_DATA PROVIDED_
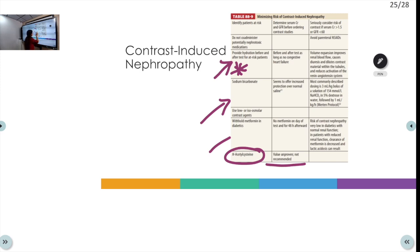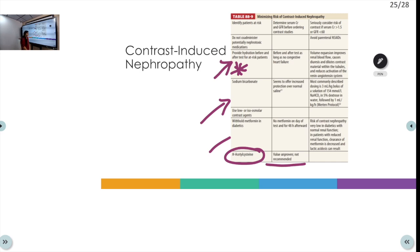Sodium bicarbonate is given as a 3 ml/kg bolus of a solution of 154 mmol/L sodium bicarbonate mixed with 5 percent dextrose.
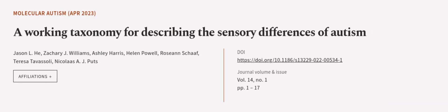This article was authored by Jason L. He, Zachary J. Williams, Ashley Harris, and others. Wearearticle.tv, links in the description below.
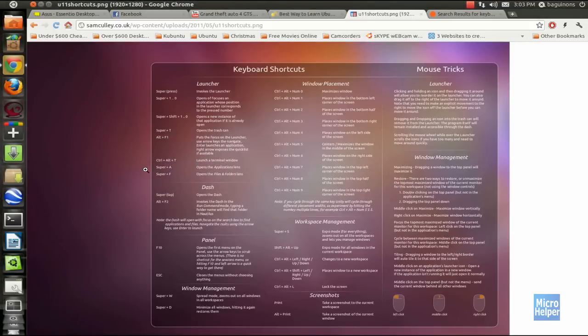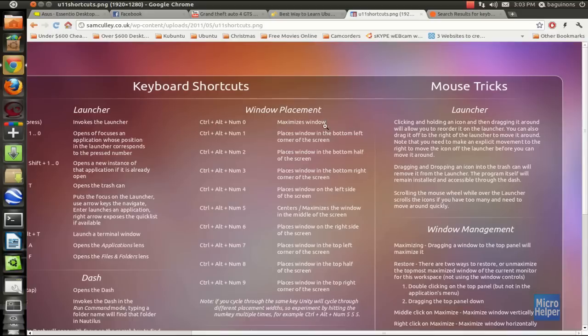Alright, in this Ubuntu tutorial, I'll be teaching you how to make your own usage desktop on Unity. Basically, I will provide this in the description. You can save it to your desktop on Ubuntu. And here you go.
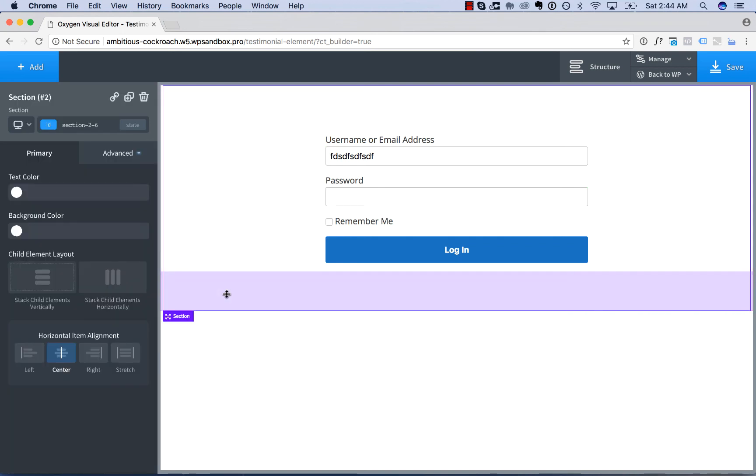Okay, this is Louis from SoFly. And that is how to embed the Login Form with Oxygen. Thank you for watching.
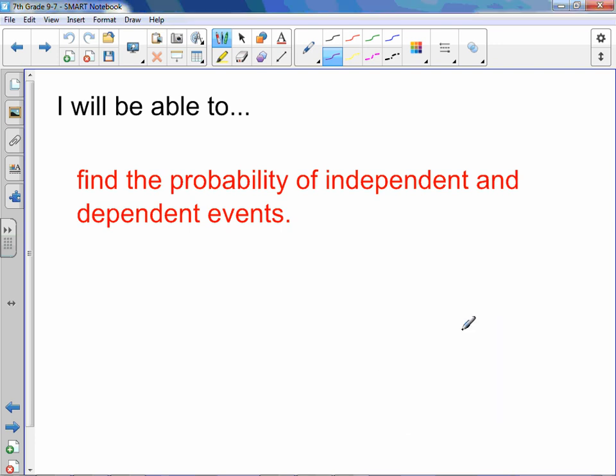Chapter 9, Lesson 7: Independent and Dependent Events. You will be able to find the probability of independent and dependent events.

_TASK TO CARRY OUT_
Please write every line above out exactly as given, except for any pictures.

_THE ANSWER_
Sodium bicarbonate is given as a 3 ml/kg bolus of a solution of 154 mmol/L sodium bicarbonate mixed with 5 percent dextrose.
This article was authored by Jason L. He, Zachary J. Williams, Ashley Harris, and others. Wearearticle.tv, links in the description below.
Alright, in this Ubuntu tutorial, I'll be teaching you how to make your own usage desktop on Unity. Basically, I will provide this in the description. You can save it to your desktop on Ubuntu. And here you go.
Okay, this is Louis from SoFly. And that is how to embed the Login Form with Oxygen. Thank you for watching.
Chapter 9, Lesson 7: Independent and Dependent Events. You will be able to find the probability of independent and dependent events.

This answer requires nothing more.